Des villes-entreprises pour supporter la croissance des géants des hautes technologies
Les industriels ont fortement influencé l’urbanisme des villes. Certaines se sont même développées autour d’une seule entreprise qui pour sa part organisait la vie de ses salariés et de leurs familles et leur offrait un certain nombre de prestations sociales et autres avantages. Ce modèle que l’on trouve encore autour de groupes comme Samsung ou Toyota, était en déclin en Occident. Il connaît une résurgence sous une forme moderne autour des entreprises de hautes technologies soucieuses d’attirer les meilleurs talents au sein de leurs centres d’innovation.
Très courante au début du XXe siècle, la ville entreprise était le reflet du paternalisme de l’employeur qui garantissait à ses salariés des logements et des soins de santé et construisait, entre autres, des écoles, des librairies et des équipements sportifs.
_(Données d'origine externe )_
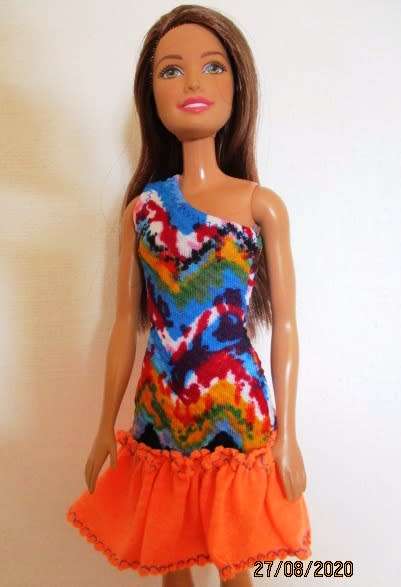 Barbie doll's one shoulder dress - blue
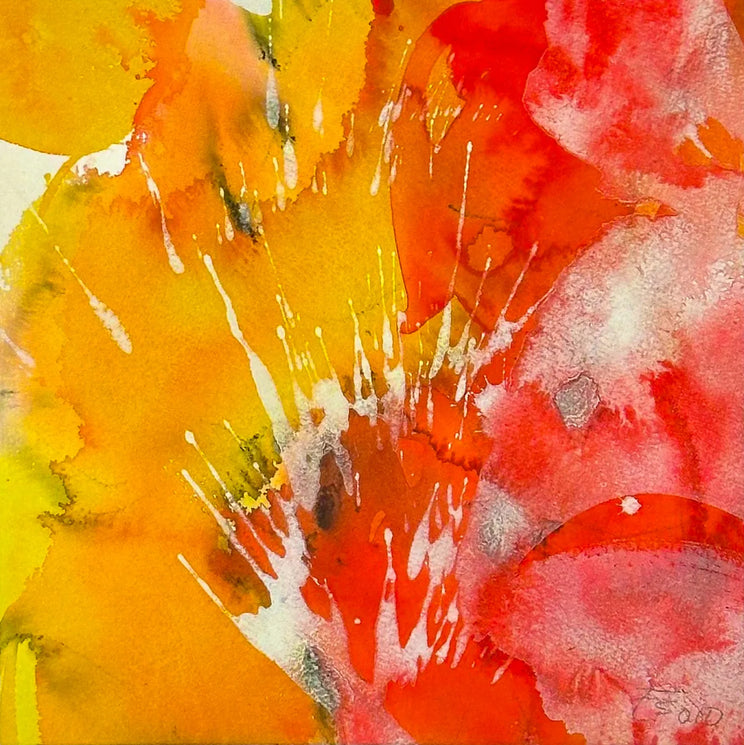 Red and Yellow, watercolour on paper by Else Streifer-Schröck, 2010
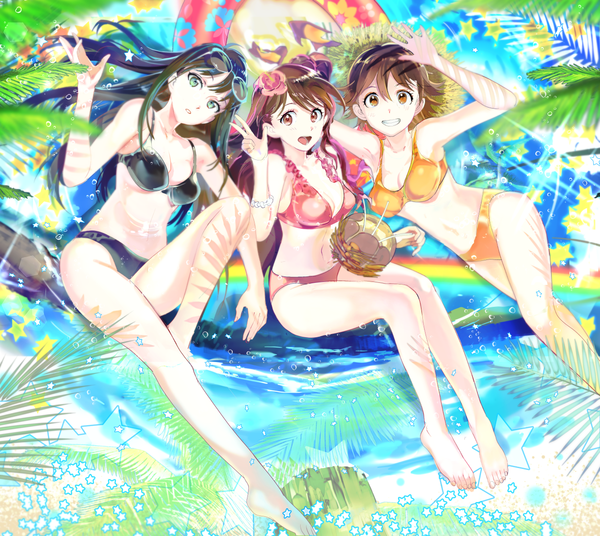 Anime picture 1341x1200 with idolmaster idolmaster cinderella girls shibuya rin shimamura uzuki honda mio 119 long hair looking at viewer fringe short hair brown hair sitting multiple girls green eyes barefoot hair flower bare belly depth of field grin sunglasses on head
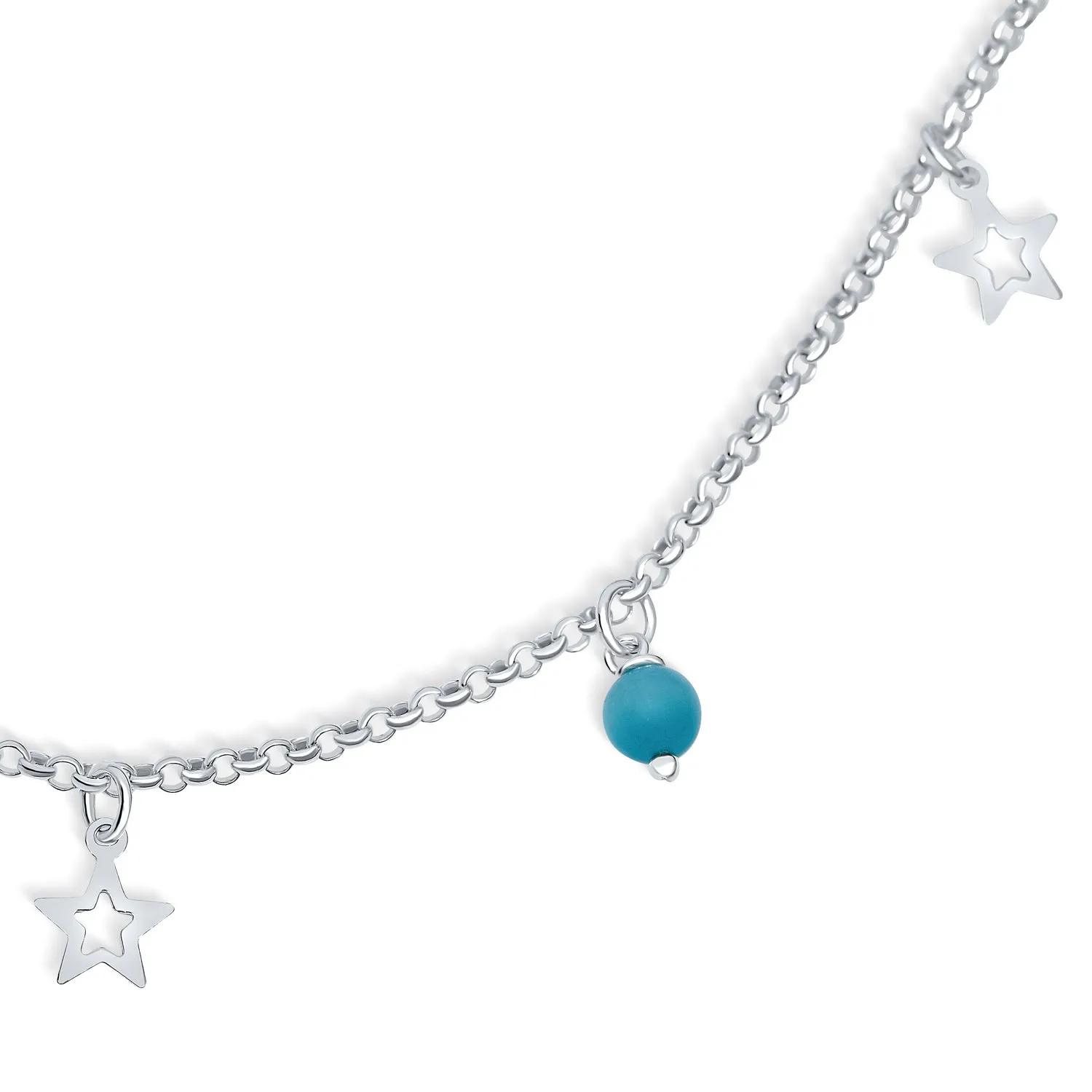 Dangle Aqua Blue Cats Eye Bead Anklet Ankle Bracelet with Star Charms Sterling Silver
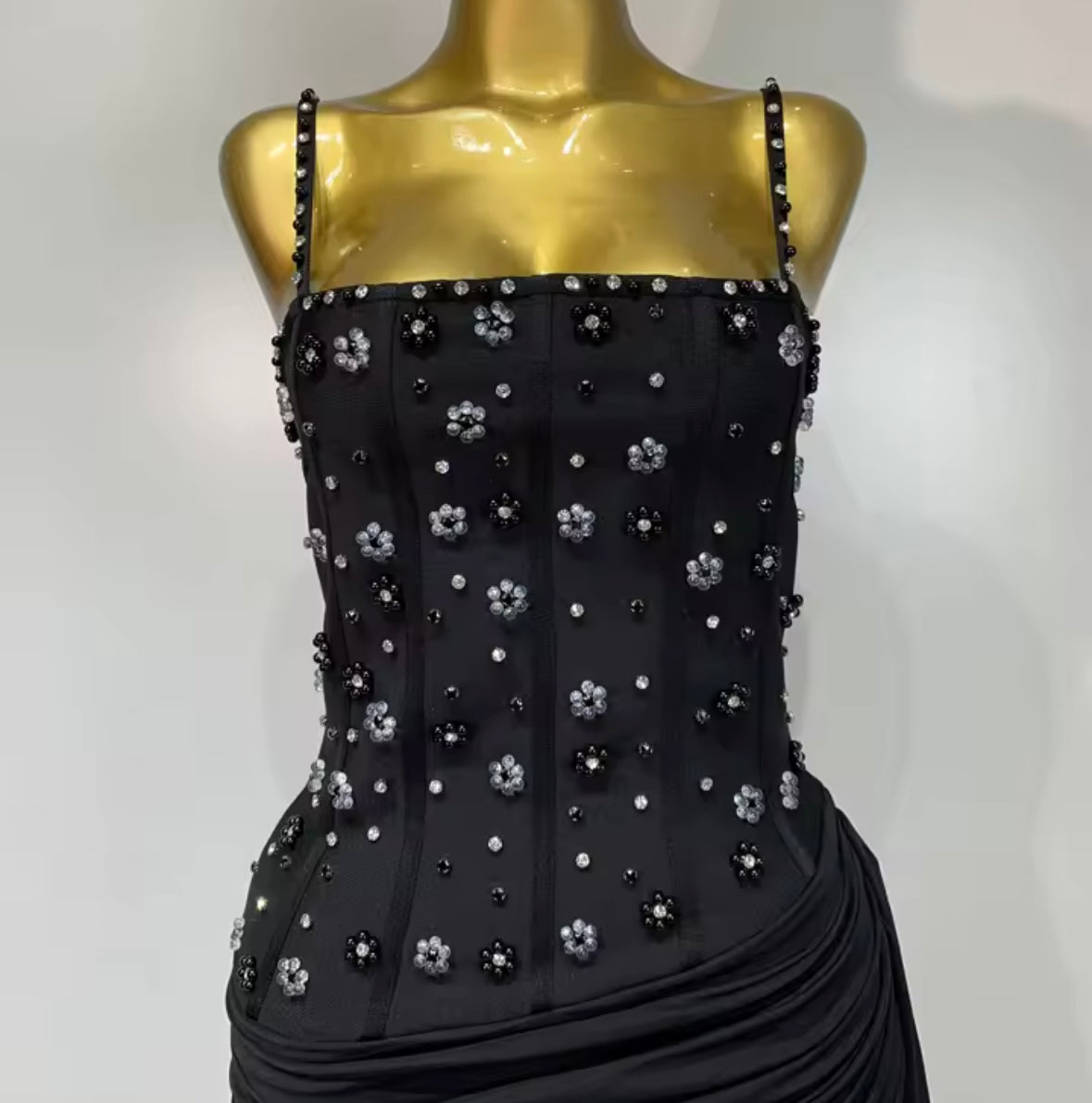 Black Sleeveless Floral Beaded Ruche Tassel Maxi Dress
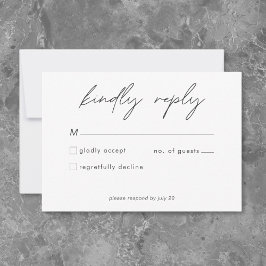 Tarjeta De Confirmación De Asistencia Nada Elegante Solo Amor Minimalista Boda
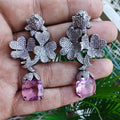 Stella Invisible Setting AD Statement Earrings - Trans Pink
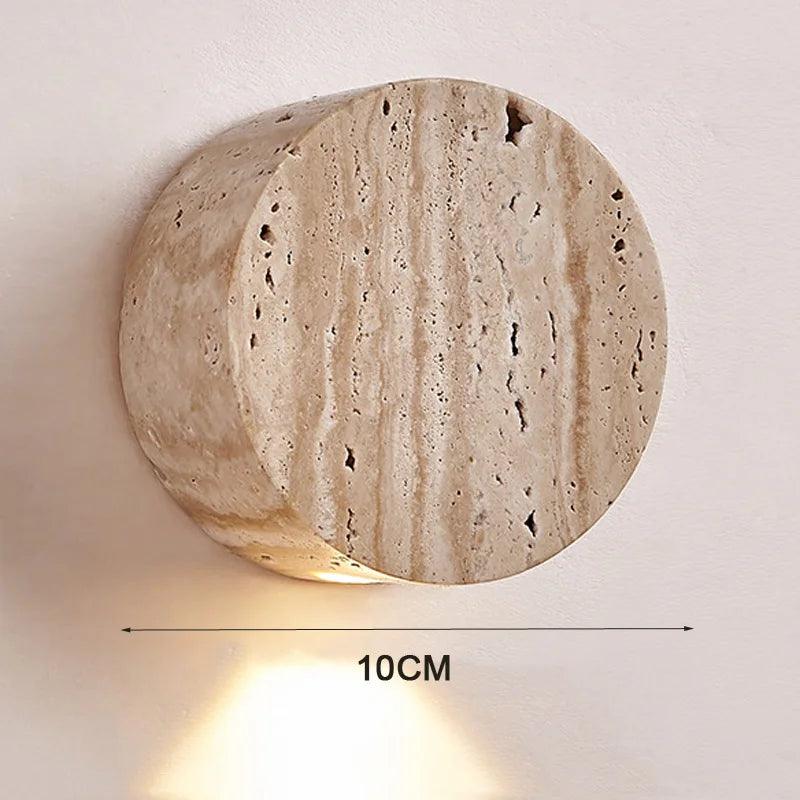 Coin Travertine Wall Light, view 4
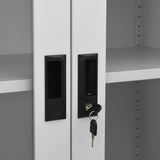 Office Cabinet Light Grey 90x40x180 cm Steel and Tempered Glass 335939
Améliorer les conditions de vie des employés garantissait la paix sociale en les éloignant des mouvements syndicaux. Sur ce modèle, on a vu par exemple se développer Clermont-Ferrand grâce à Michelin, Toyota City autrefois appelée Koromo ou Détroit autour de Ford et General Motors.
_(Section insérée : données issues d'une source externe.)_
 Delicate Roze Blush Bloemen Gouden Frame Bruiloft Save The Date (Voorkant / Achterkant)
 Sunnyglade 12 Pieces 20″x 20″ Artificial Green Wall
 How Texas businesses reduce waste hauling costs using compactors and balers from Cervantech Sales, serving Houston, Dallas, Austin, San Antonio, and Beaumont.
Émergence de villes entreprises 2.0
Aujourd’hui la « Motor Town » n’est plus que l’ombre d’elle-même et Michelin n’est plus l’employeur protecteur qu’il fut jadis. Ce modèle d’utopie patronale a périclité aux États-Unis suite au New Deal de Roosevelt permettant un accès plus simple à la propriété, mais a perduré dans l’Europe d’après-guerre sous une forme simplifiée. Il a connu un nouveau souffle dans une Asie en plein développement ; on a en image la ville-usine de Foxconn en Chine ou de Suwon, la Samsung City, bâtie sur le modèle de Toyota.
Le modèle de la ville entreprise jusqu’alors en déclin en Occident semble réapparaître. C’est du moins ce que suggère un groupe d’architectes de Boston. Ces Company-Town 2.0 émergent autour des centres de recherche des géants de l’Internet et des nouvelles technologies. Pour attirer les meilleurs talents, ces employeurs doivent se montrer attractifs et multiplier les « Perks », des avantages en nature. Le logement est un argument de poids, alors que son coût explose, notamment près de la baie de San Francisco et de la Silicon Valley, où se concentrent ces entreprises.
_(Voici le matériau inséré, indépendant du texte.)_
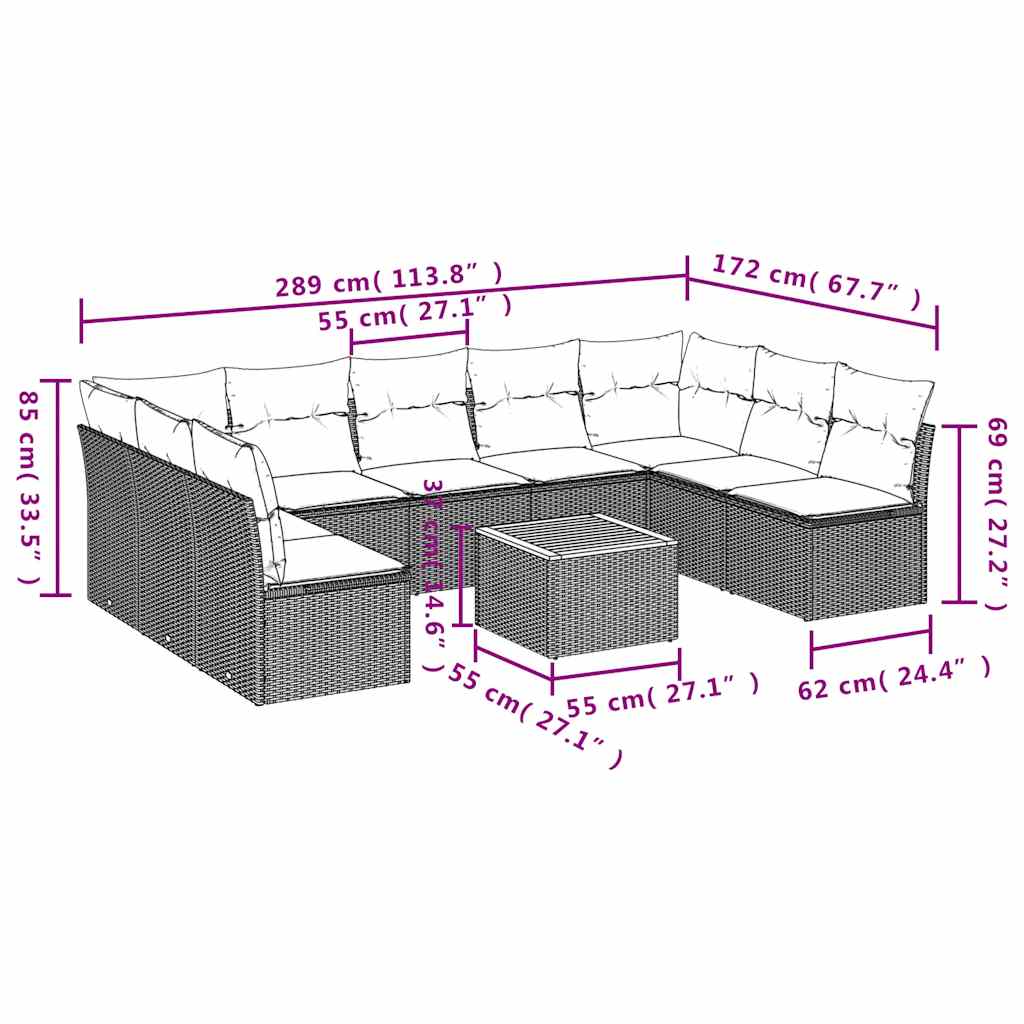 10-dijelni set vrtnih sofa od poliratana s jastucima sivi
Apple Campus et Zee-Town de Facebook
Le campus Apple occupe 60 % des terres de Cupertino, autrefois couvertes de vergers. Apple génère 15.000 emplois et garantit un niveau de vie élevé pour une ville d’un peu plus de 50.000 habitants. À l’image du nouveau campus d’Apple, un bâtiment circulaire dessiné par Norman Foster, les sièges de géants de nouvelles technologies se veulent être des expériences en immersion totale. Les employés évoluent dans des espaces adaptés à la réalisation leur créativité et trouvent tout ce dont ils ont besoin sans trop s’éloigner de leur bureau.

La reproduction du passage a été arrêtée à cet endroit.